The size of Trump’s margin relative to history does nothing, though, to diminish the size of the blue-to-red shift from 2020 to 2024. It was absolutely a red wave that rolled from coast to coast. In the scenarios we laid out last week, the result was unambiguously the first one: Trump again outperformed his polls substantially. It was an election like 2012 in that it looked close, but really wasn’t.
Given that the shift in the non-swing states was an eye-popping 6.7 points, the fact that the swing states shifted only about 3 points toward the Republicans suggests that Vice President Kamala Harris and her campaign have much to be proud of. So do Democratic Senate candidates in Nevada, Arizona, Wisconsin, and Michigan who managed to avoid getting washed out like incumbent Democrats in Ohio, Montana, and, probably, Pennsylvania. The House will be close, but Republicans may be able to hang on to a razor-thin majority like the one they scratched their way to in 2022.
That shift included big, heavily Democratic cities, as economist Jed Kolko points out: “Many [metropolitan areas] swung more than 10 points toward Trump in 2024 versus 2020, including New York, Los Angeles, Chicago, San Francisco, and Miami, as well as heavily Hispanic/Latino metros in Texas, California, and the Southwest.”
That geographic and demographic snapback has prompted the abuse of yet another election-time buzzword: realignment.
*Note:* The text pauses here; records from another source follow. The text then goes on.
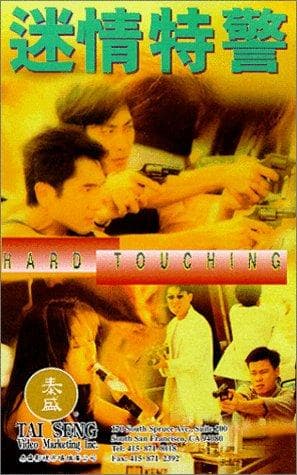 Mi qing te jing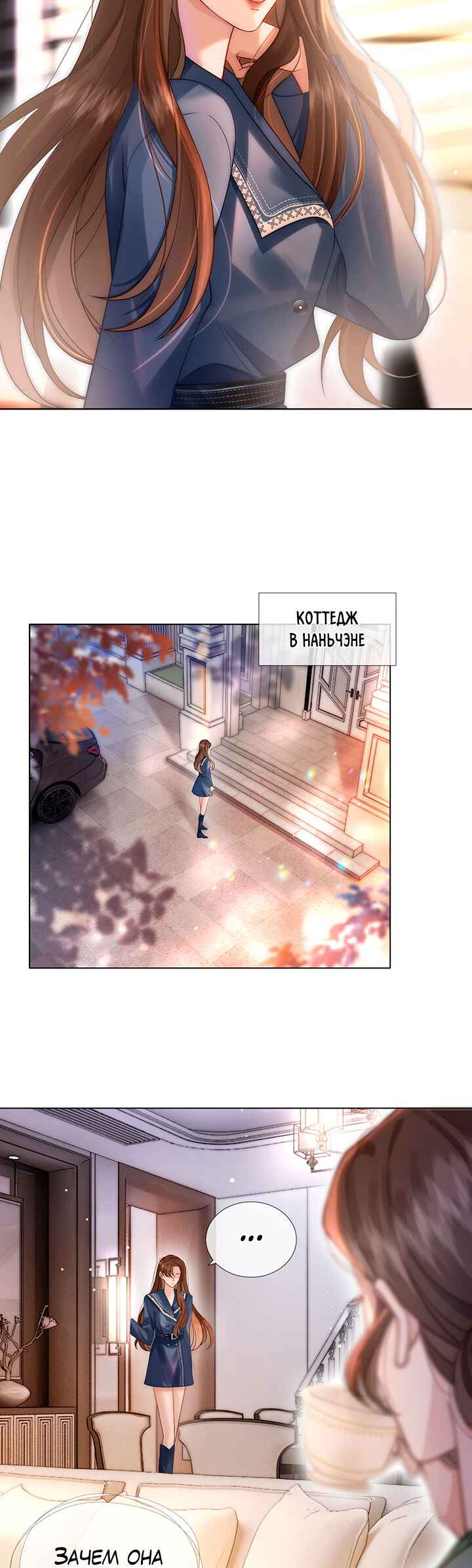 Yī Yè Chén Hūn Chapter 19 - Page 15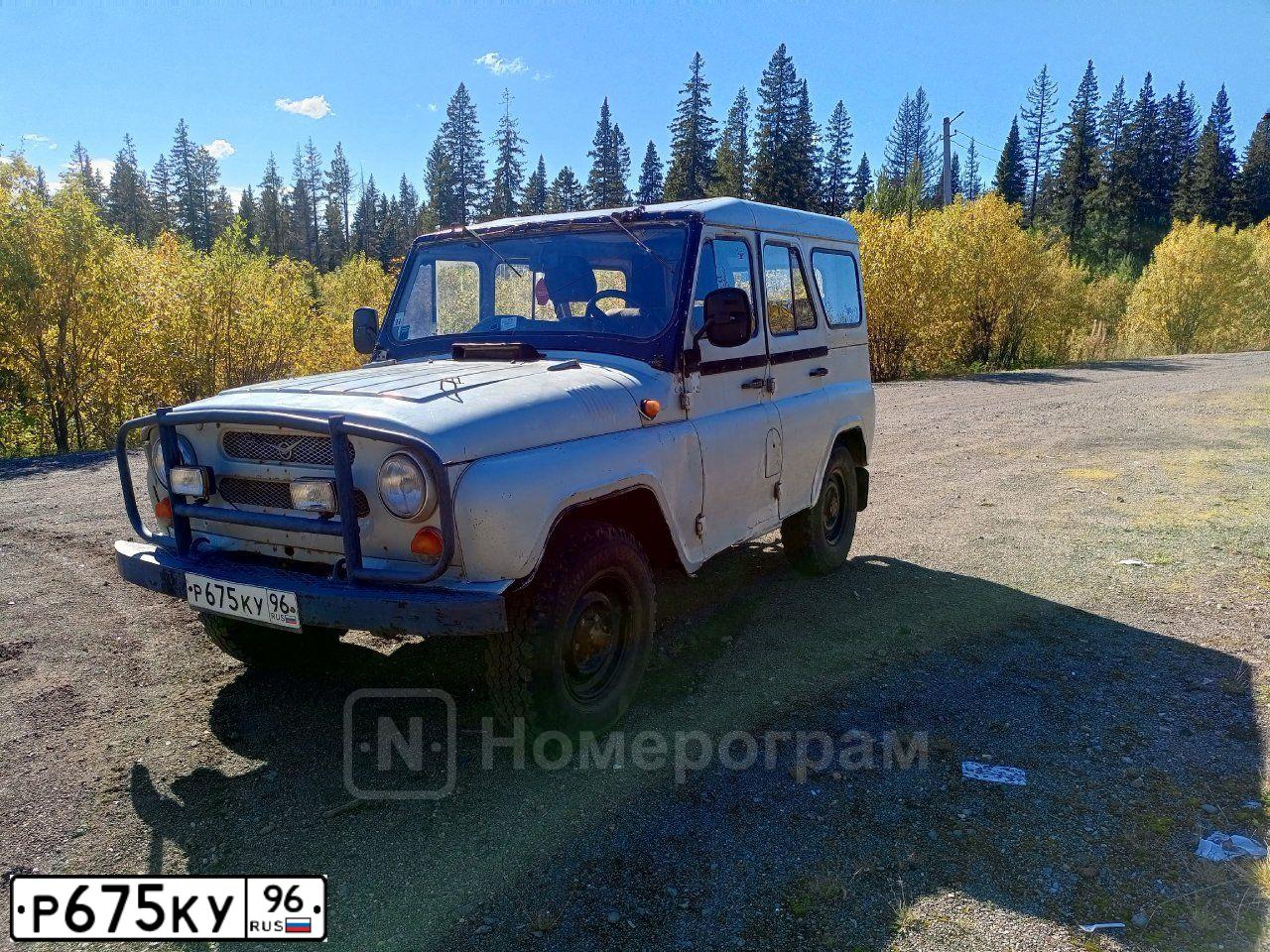 Фото автомобиля UAZ 3151 / HUNTER, 1997 — госномер Р675КУ96. Цвет: БЕЛЫЙ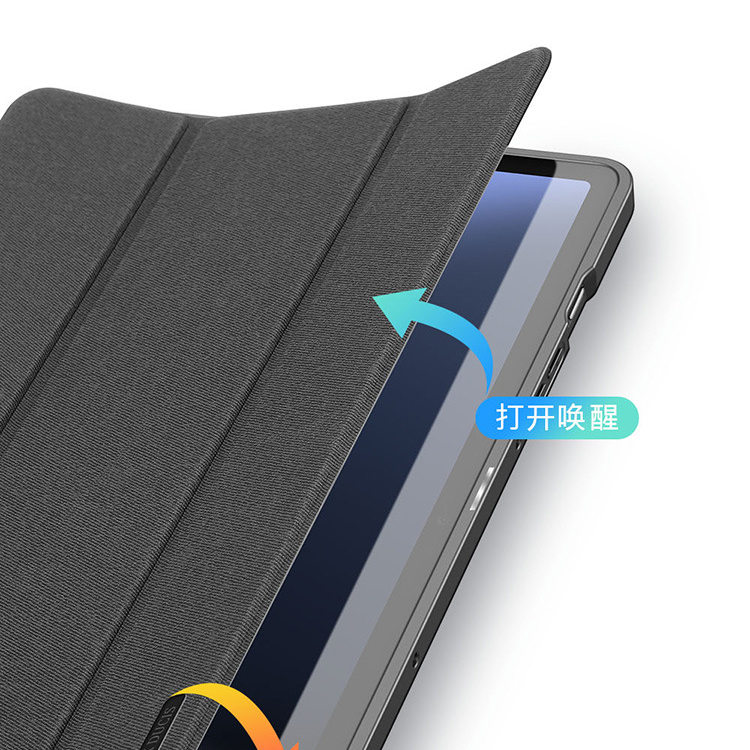 适用三星TabS9保护套带笔槽防摔S10ultra平板保护壳S11平板电脑壳 for Samsung Galaxy Tab S11 S10 A11 Case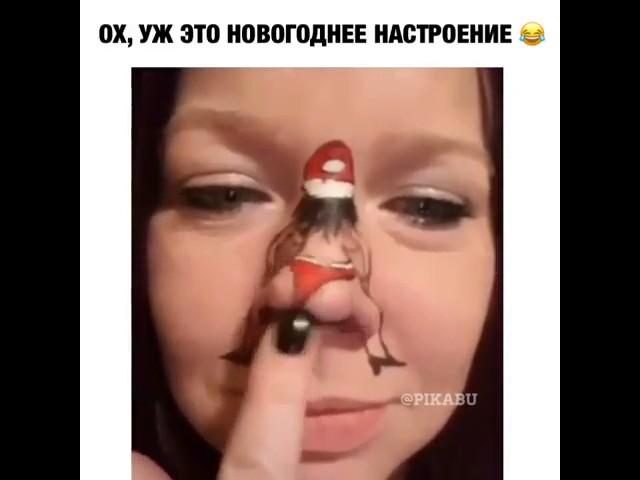 Прикол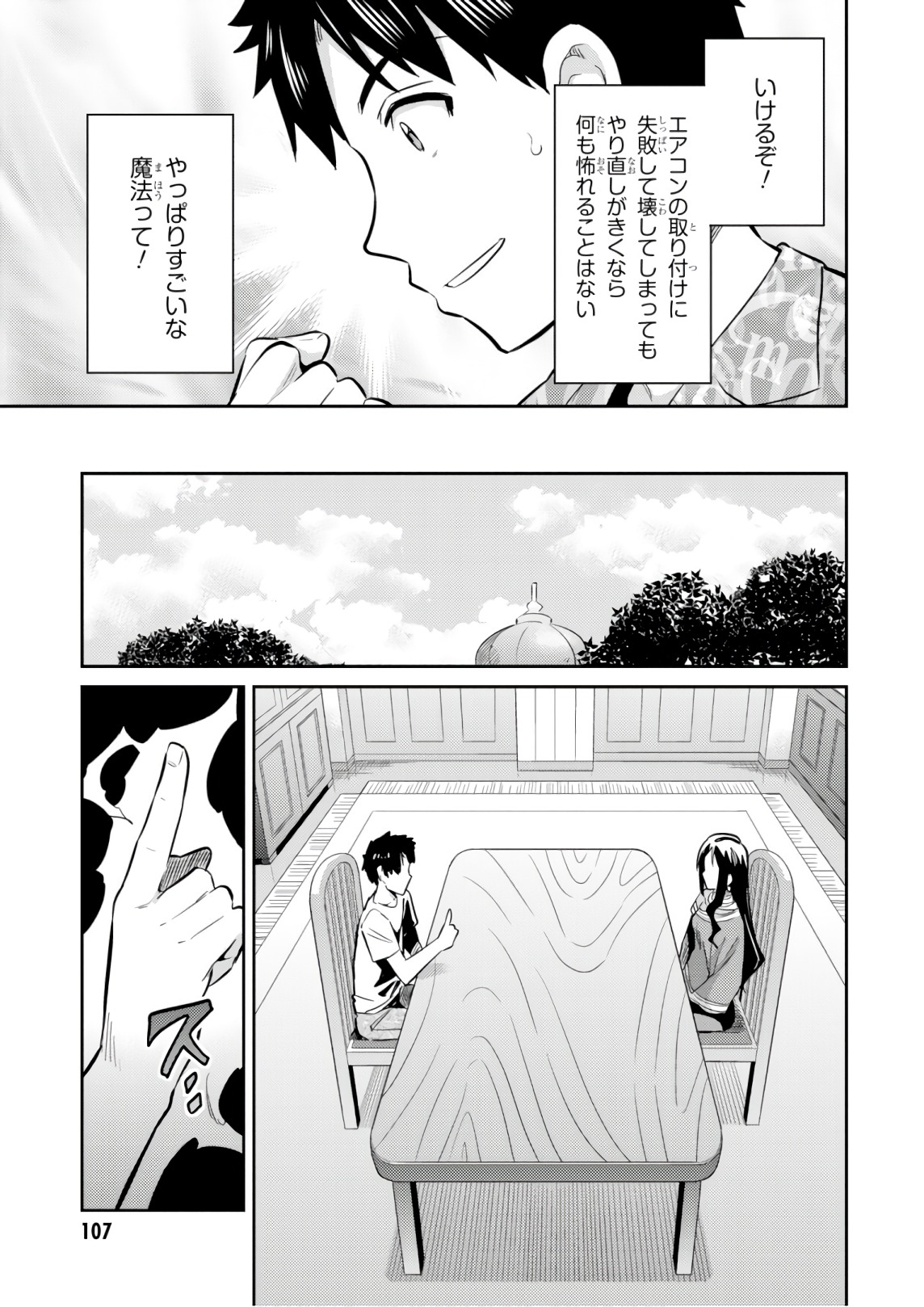理想のヒモ生活 Chap 18 - Next Chap 19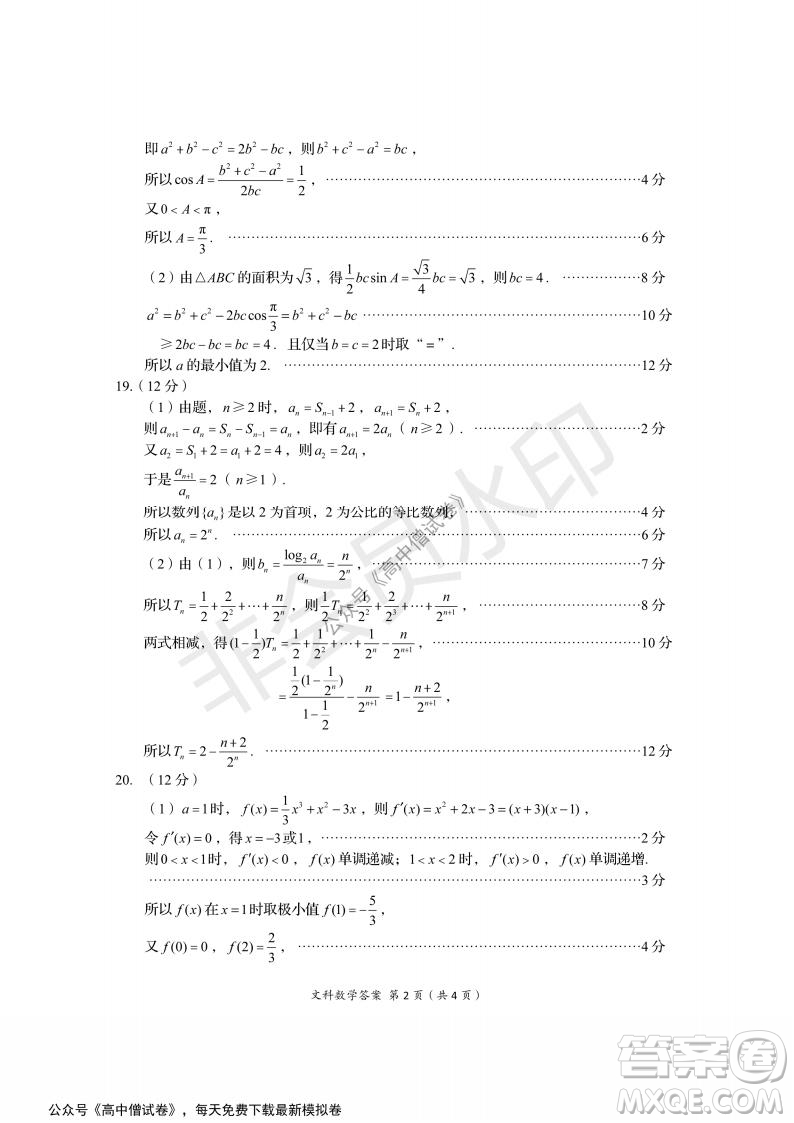 資陽(yáng)市高中2019級(jí)第一次診斷性考試文科數(shù)學(xué)試題及答案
Trump’s substantial improvement with black and Hispanic men compared to his previous two runs has made everyone gaga for realignment talk.
“Donald Trump’s return to the White House was powered by a historic realignment of the American electorate that upended decades of traditional coalitions,” says the Washington Post. Trump, of course, agrees.
Ehhhhhhh …
All that loose talk forgets how such a “realignment” was even possible, and depends on a very short-term definition of history.
The only president since 1980 other than Biden that Trump has electoral bragging rights on is his fellow Republican, George W. Bush, who had 53.16 percent in 2004 and 50.47 percent in 2000. And certainly Trump can count some improved showings with nontraditional Republican constituencies as reasons for his advantage over Bush the younger. But not many.
Trump did better with black voters than Bush, and saw gains with younger voters and voters from union households. But Trump did worse with women, Hispanic voters, white voters and older voters than Bush.
If you compare the numbers on the races between Bush and challenger John Kerry in 2004 and the one between Trump and Harris, they look remarkably similar:
2004 Exit Polls vs. 2024 AP VoteCast
- Men: Bush +11 → Trump +11
- Women: Kerry +3 → Harris +7
- White: Bush +17 → Trump +13
- Black: Kerry +77 → Harris +67
- Hispanic: Kerry +9 → Harris +13
- 18-24: Kerry +13 → Harris +10
- 50-64: Bush +5 → Trump +7
- 65+: Bush +5 → Trump +3
- Union household: Kerry +19 → Harris +11
We certainly can see some differences, but overall that doesn’t look anything like a “historic realignment.”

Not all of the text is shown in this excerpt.